Appeal from the Iowa District Court for Pottawattamie County, Gary Anderson, District Associate Judge.

A father appeals from the order terminating his parental rights. AFFIRMED.

Scott D. Strait, Council Bluffs, for appellant father.

Roberta Megel, Council Bluffs, for mother.

Thomas J. Miller, Attorney General, Bruce Kempkes, Assistant Attorney General, Matthew Wilber, County Attorney, and Eric Strovers, Assistant County Attorney, for appellee State.

Marti D. Nerenstone, Council Bluffs, for minor child.

Considered by SACKETT, C.J., and DOYLE and DANILSON, JJ.

DOYLE, J.

A father appeals from the order terminating his parental rights to his child. He claims (1) the State failed to prove the grounds for termination by clear and convincing evidence and (2) termination was not in the child’s best interests. We review these claims de novo. See In re P.L., 778 N.W.2d 33, 40 (Iowa 2010).

In December 2009, police officers executed a search warrant on the mother’s home where the child resided. They discovered drug paraphernalia associated with the sale and use of methamphetamine. The child had been left in the care of an elderly woman who also resided at the house. The house itself was in deplorable condition and later declared by the city to be uninhabitable.

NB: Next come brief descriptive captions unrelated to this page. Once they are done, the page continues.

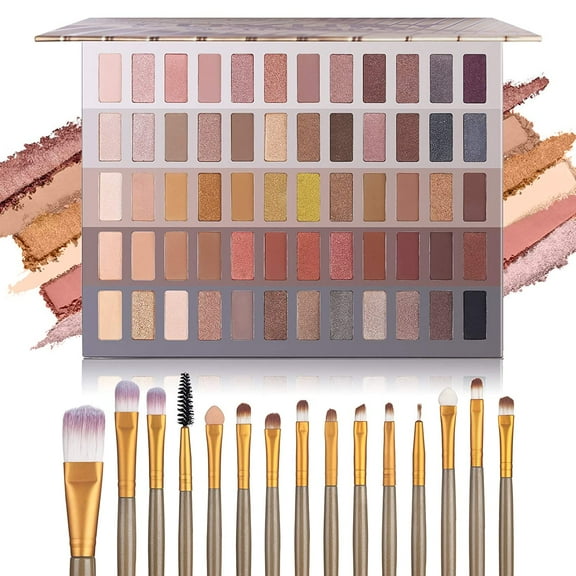 Pro 60 Shades Eyeshadow Palette + 15 pcs Makeup Brushes Set, Matte Metallic Smokey Eye Shadow,Synthetic Powder Cream Blending Brush Neutral Pallet Kit(Neutral Set)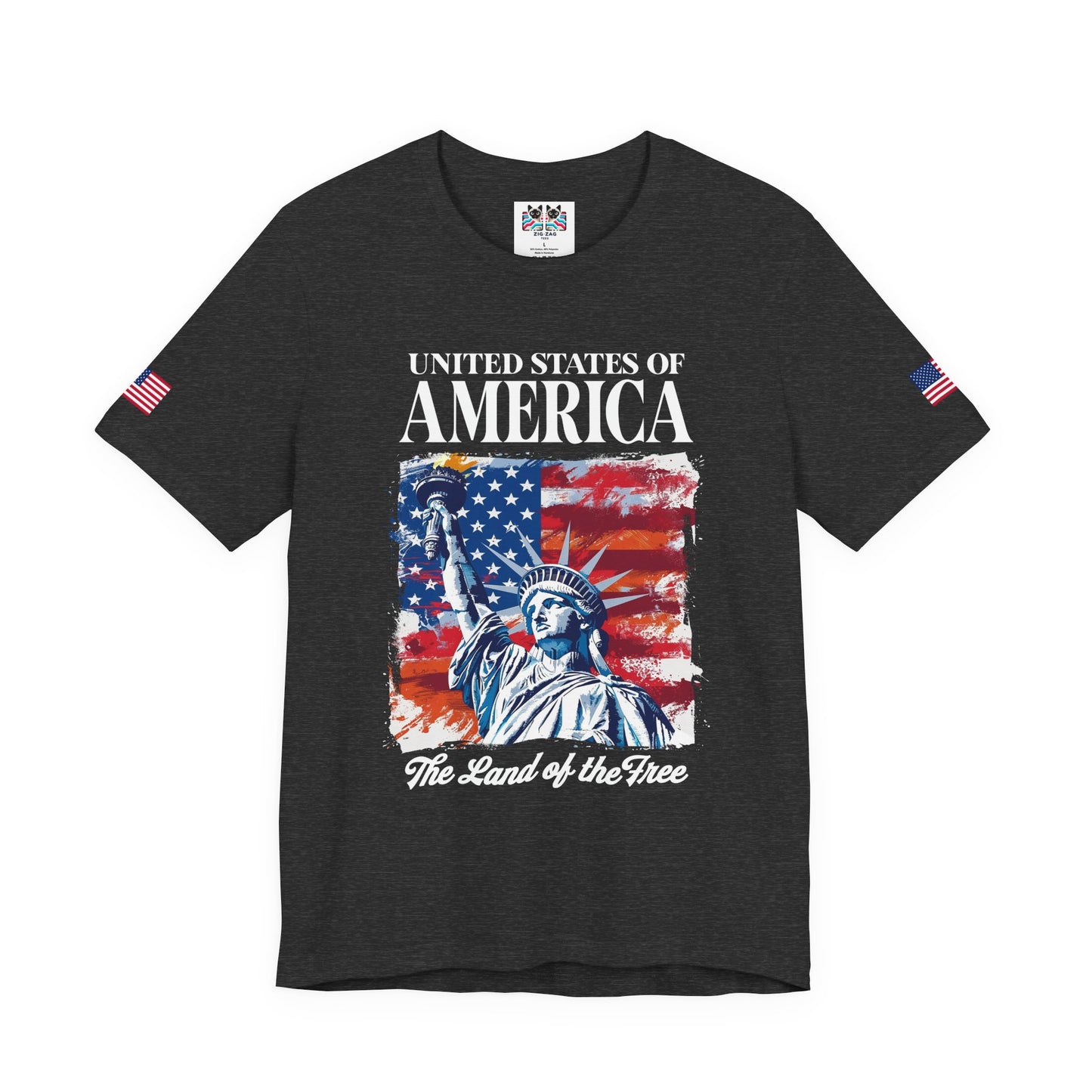 United States of America T-Shirt – Land of the Free Statue of Liberty Patriotic Graphic Tee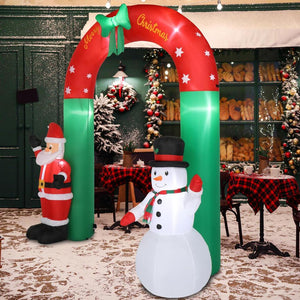 8FT Inflatable Arch Christmas Santa Claus Snowman Archway Outdoor Indoor Holiday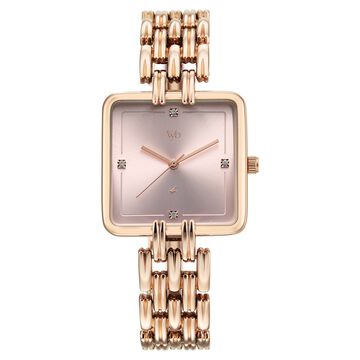Vyb Minimalist By Fastrack Quartz Analog Pink Dial Rose Gold Metal Strap Watch For Girls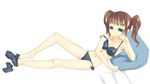  arm_support barefoot bikini blue_eyes brown_hair feet idolmaster idolmaster_(classic) idolmaster_1 legs lying mikage_sekizai pillow side-tie_bikini single_sock sock_dangle socks solo strap_slip swimsuit takatsuki_yayoi twintails 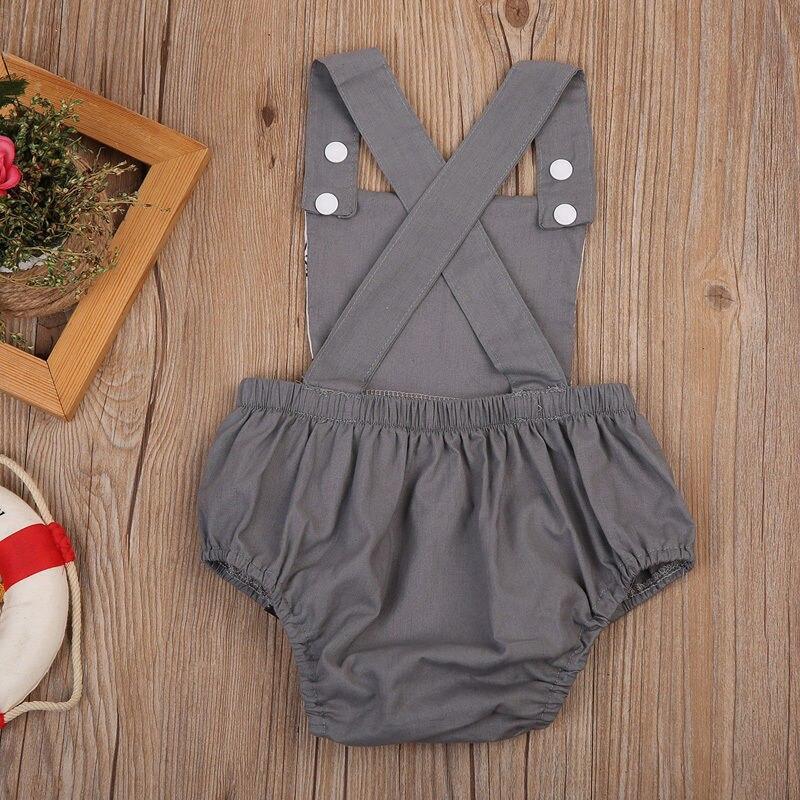 Hot Infant Baby Girl Boy Bodysuit Gray Animals Deer Sleeveless Jumpsuit Outfit Sunsuit Clothes - ebowsos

The child was removed from her mother’s care and placed in the temporary custody of the Iowa Department of Human Services for placement in foster care. She was adjudicated as a child in need of assistance (CINA) pursuant to Iowa Code sections 232.2(6)(c)(2) and (n) (2009) in January 2010. The father contested the adjudication and requested the child be placed with him. The juvenile court denied the request, finding more information regarding the father’s living situation and parenting skills was needed. However, the court determined the father could have liberal, unsupervised visitation with the child.

Throughout the months of January and February, the father had almost daily visits with the child at his parents’ home where he resided. A worker with the Department performed drop-in visits at the home. Concerns with the father’s employment and ability to secure independent housing were noted. The Department was also troubled by the paternal grandfather’s criminal history. Those concerns were raised at the disposition hearing on March 2, 2010, but the juvenile court ruled that without documentation of the grandfather’s past crimes, visitation could continue as it had been. Two days later, the State filed a motion to change the father’s visitation upon securing copies of the grandfather’s convictions in 1992 and 1993 for indecent contact with a child. It requested the father’s visits be changed to supervised as long as he continued to reside with his father.

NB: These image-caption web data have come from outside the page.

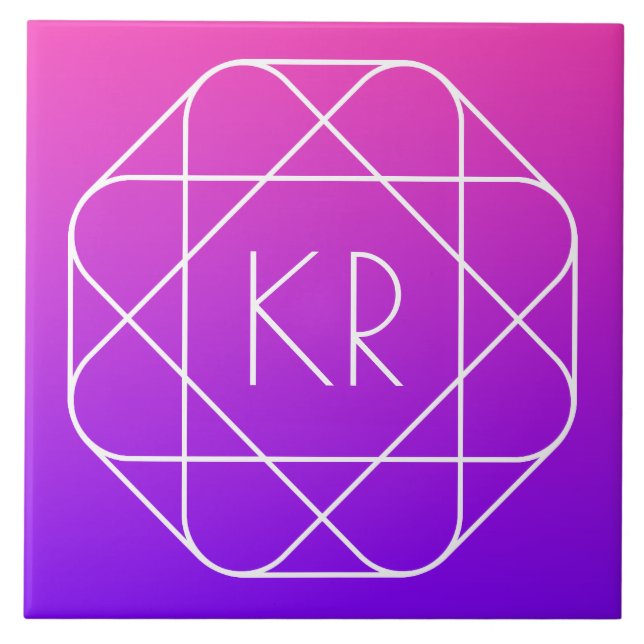 Cool Geometrisches Monogramm | Magenta Lila Violet Fliese (Vorderseite)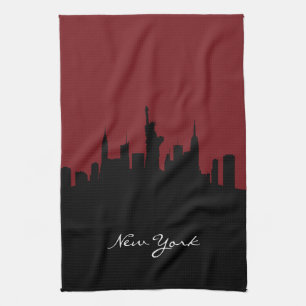 Linge De Cuisine Skyline de New York Rouge foncé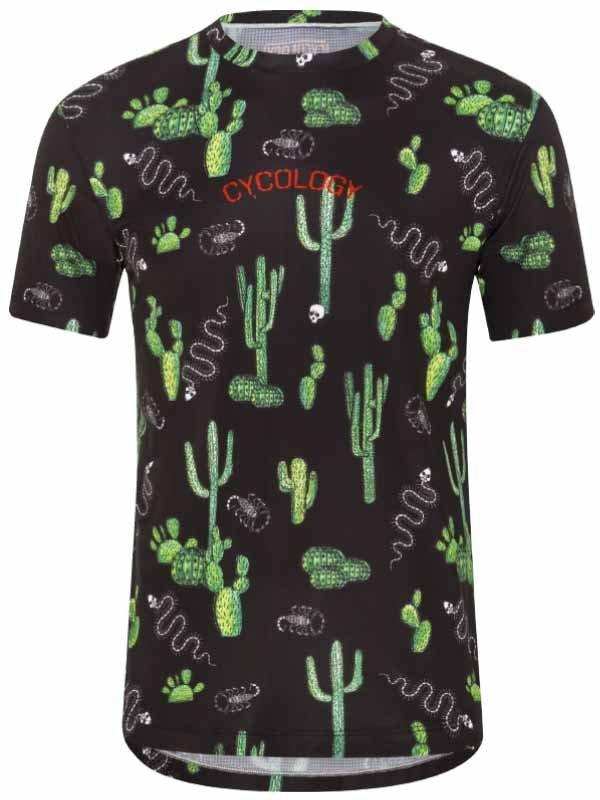 Men's cycling jersey with cactus and snake print, breathable fabric, ideal for road biking adventures.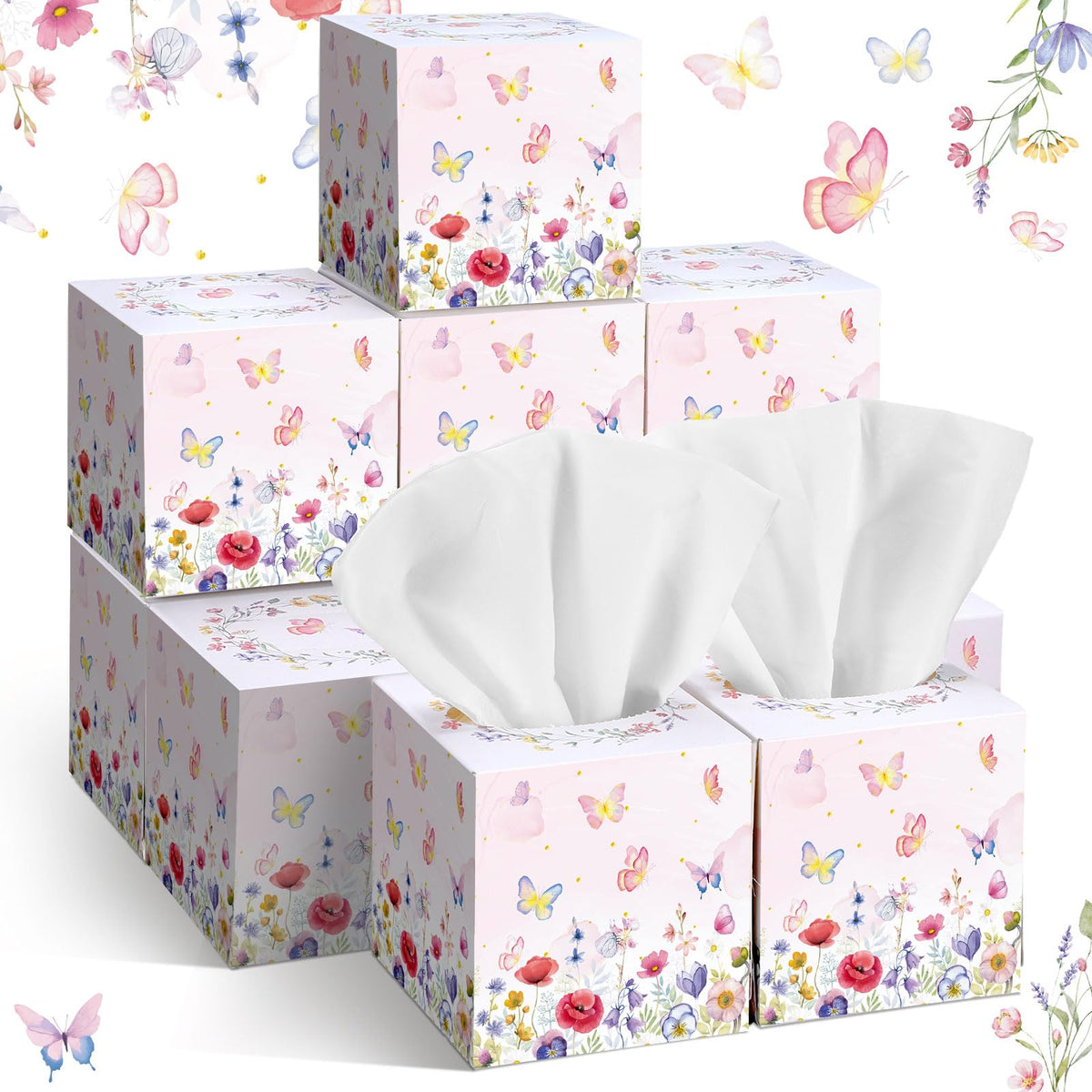 Fourluoo 12 Pack Fruit Facial Tissues Cube Face Boxes 600 Sheets 3 Ply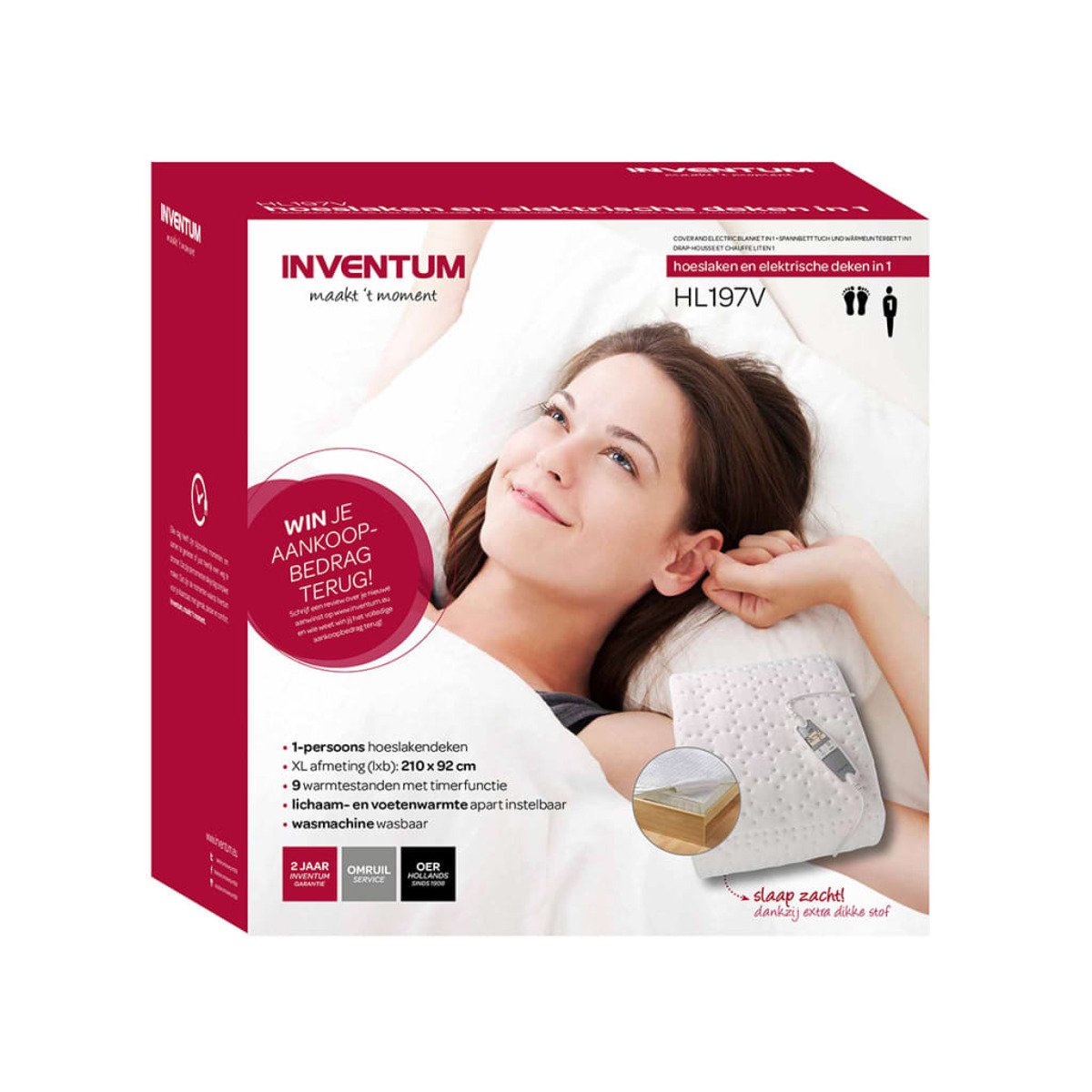 Box with a woman lying on a bed. It promotes an electric blanket product.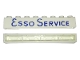 Part No: crssprt01pb014a  Name: Brick 1 x 8 without Bottom Tubes with Cross Side Supports with Blue 'ESSO SERVICE' Long with Round 'O' Pattern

A hearing was held, following which the juvenile court ruled unsupervised visitation could no longer occur at the paternal grandparents’ home or in the presence of the grandfather. After the hearing, the caseworker and service provider met with the father to develop a visitation schedule. The father requested that visits occur only three times per week for three hours at a time so he could focus on finding employment and alternate housing. From that point forward, the father’s visitation with his daughter became sporadic. He attended only fifteen out of forty scheduled visits from March through June 2010. His last visit occurred on July 28, 2010. He has not seen the child since, despite the Department’s efforts to re-engage him with visitation.

The State filed a petition to terminate parental rights in December 2010. Following a hearing in February 2011, the juvenile court entered an order terminating the father’s rights to the children under Iowa Code sections 232.116(1)(b), (d), (e), and (f).[1] The father appeals.

We need only find termination proper under one ground to affirm. In re R.R.K., 544 N.W.2d 274, 276
(Iowa Ct. App. 1995). In this case, we choose to focus our attention on section 232.116(1)(e). Under that section, parental rights may be terminated if the court finds by clear and convincing evidence (1) the child has been adjudicated CINA, (2) the child has been removed from the physical custody of the parent for at least six consecutive months, and (3) the parent has not maintained significant and meaningful contact with the child during the previous six consecutive months and has made no reasonable efforts to resume care of the child despite being given the opportunity to do so. Iowa Code § 232.116(1)(e).

Because the first two elements of section 232.116(1)(e) are clearly met, the father’s claim implicates only the third element — lack of significant and meaningful contact with the child. “Significant and meaningful contact” includes but is not limited to the affirmative assumption by the parents of the duties encompassed by the role of being a parent. This affirmative duty, in addition to financial obligations, requires continued interest in the child, a genuine effort to complete the responsibilities prescribed in the case permanency plan, a genuine effort to maintain communication with the child, and requires that the parents establish and maintain a place of importance in the child’s life.

Id. § 232.116(1)(e)(3).

The father argues he cared for his child “on a daily basis and even when the State made his contact more problematic, he endeavored to see her and interact and care for her.” The record does not support this assertion. While it is true the father saw the child on an almost daily basis from January through February 2010, that did not hold true for the remainder of the case. See id. (focusing on contact with the child in six-month period preceding termination).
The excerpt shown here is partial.